• [AIM OF THE EXERCISE]: Below are the entries. Transcribe exactly the lines from the one with "Hunza G Maroon" through the one with "甘肃力推八大产业集群 科技赋能寒旱农业冲刺6000亿产值", ends included, and leave out all others.

___ RECORDS FOR PROCESSING

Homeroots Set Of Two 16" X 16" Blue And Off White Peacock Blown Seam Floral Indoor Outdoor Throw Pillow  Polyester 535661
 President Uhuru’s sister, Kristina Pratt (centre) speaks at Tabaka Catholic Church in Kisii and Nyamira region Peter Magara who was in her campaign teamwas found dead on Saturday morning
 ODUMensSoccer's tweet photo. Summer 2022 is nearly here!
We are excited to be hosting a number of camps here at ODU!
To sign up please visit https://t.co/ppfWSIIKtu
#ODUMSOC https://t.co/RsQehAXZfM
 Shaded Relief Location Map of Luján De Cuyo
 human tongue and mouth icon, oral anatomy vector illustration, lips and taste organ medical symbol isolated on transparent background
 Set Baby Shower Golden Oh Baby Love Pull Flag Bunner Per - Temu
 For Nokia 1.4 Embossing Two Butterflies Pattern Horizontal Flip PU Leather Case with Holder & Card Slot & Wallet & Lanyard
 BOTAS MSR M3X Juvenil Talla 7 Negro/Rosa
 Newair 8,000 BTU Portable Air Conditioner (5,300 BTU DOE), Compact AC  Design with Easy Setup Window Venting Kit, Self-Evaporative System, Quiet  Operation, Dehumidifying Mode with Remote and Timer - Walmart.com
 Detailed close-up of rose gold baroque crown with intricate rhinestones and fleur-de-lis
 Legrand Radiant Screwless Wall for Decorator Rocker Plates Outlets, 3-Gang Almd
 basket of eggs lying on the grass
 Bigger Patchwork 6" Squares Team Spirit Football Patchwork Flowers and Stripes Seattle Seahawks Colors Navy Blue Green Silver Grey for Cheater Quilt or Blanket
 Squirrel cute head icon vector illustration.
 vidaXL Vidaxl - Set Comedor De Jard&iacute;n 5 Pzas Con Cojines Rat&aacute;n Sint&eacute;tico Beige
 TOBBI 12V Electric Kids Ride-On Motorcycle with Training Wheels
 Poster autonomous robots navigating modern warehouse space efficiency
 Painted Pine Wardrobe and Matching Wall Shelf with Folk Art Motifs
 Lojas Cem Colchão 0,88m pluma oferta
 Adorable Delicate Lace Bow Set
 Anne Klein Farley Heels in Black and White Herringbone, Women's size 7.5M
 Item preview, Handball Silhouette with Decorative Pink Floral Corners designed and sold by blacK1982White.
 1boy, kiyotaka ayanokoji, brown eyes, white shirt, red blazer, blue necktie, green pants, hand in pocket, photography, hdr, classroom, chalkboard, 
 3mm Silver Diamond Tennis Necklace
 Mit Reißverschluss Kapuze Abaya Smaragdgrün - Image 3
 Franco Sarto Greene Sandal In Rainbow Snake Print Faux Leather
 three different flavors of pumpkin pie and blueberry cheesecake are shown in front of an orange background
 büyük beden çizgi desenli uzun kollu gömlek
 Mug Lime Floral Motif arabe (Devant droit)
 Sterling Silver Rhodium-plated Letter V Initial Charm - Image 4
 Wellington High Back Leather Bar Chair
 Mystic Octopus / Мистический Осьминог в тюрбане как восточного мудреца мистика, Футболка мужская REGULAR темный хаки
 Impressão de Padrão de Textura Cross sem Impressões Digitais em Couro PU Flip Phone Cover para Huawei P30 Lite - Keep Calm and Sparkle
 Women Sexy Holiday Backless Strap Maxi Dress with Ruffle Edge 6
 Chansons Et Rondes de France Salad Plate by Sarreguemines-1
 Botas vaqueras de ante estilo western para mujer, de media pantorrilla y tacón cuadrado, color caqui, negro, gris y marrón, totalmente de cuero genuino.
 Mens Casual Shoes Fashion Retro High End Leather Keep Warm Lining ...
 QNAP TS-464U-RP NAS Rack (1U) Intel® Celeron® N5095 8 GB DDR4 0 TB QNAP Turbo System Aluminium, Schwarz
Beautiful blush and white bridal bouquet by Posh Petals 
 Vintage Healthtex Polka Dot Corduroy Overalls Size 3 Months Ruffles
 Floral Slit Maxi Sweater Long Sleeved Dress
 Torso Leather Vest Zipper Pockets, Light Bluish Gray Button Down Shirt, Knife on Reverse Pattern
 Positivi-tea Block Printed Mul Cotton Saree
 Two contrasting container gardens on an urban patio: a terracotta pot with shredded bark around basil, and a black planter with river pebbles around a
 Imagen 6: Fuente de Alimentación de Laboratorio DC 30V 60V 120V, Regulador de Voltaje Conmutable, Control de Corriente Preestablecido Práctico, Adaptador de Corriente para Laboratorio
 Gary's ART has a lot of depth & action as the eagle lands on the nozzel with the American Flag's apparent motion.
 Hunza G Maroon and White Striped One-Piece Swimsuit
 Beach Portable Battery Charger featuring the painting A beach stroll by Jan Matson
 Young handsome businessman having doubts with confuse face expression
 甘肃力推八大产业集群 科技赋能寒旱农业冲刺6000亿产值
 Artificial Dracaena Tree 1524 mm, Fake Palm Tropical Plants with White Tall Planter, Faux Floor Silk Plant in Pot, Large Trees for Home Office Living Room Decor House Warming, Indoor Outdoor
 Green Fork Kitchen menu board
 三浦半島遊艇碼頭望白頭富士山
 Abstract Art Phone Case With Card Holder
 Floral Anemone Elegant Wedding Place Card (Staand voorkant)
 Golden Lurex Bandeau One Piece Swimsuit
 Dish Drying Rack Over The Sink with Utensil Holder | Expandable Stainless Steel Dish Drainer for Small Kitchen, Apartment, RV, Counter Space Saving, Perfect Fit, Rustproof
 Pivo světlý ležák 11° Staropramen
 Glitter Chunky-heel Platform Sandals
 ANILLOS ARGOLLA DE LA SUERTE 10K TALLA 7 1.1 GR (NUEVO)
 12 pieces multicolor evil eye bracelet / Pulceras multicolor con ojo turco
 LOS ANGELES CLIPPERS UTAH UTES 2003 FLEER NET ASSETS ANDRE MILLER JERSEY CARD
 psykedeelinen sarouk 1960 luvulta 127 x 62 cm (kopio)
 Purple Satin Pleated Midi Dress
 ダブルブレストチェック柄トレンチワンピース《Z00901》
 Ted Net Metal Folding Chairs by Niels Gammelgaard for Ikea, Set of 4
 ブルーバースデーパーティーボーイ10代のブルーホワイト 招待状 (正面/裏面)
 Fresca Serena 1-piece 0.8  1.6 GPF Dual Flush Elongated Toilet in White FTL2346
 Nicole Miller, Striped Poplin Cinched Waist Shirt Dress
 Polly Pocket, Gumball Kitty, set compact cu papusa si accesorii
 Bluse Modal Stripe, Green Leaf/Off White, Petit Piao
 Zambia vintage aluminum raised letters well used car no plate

______

• [RESPONSE BELOW]:
 Hunza G Maroon and White Striped One-Piece Swimsuit
 Beach Portable Battery Charger featuring the painting A beach stroll by Jan Matson
 Young handsome businessman having doubts with confuse face expression
 甘肃力推八大产业集群 科技赋能寒旱农业冲刺6000亿产值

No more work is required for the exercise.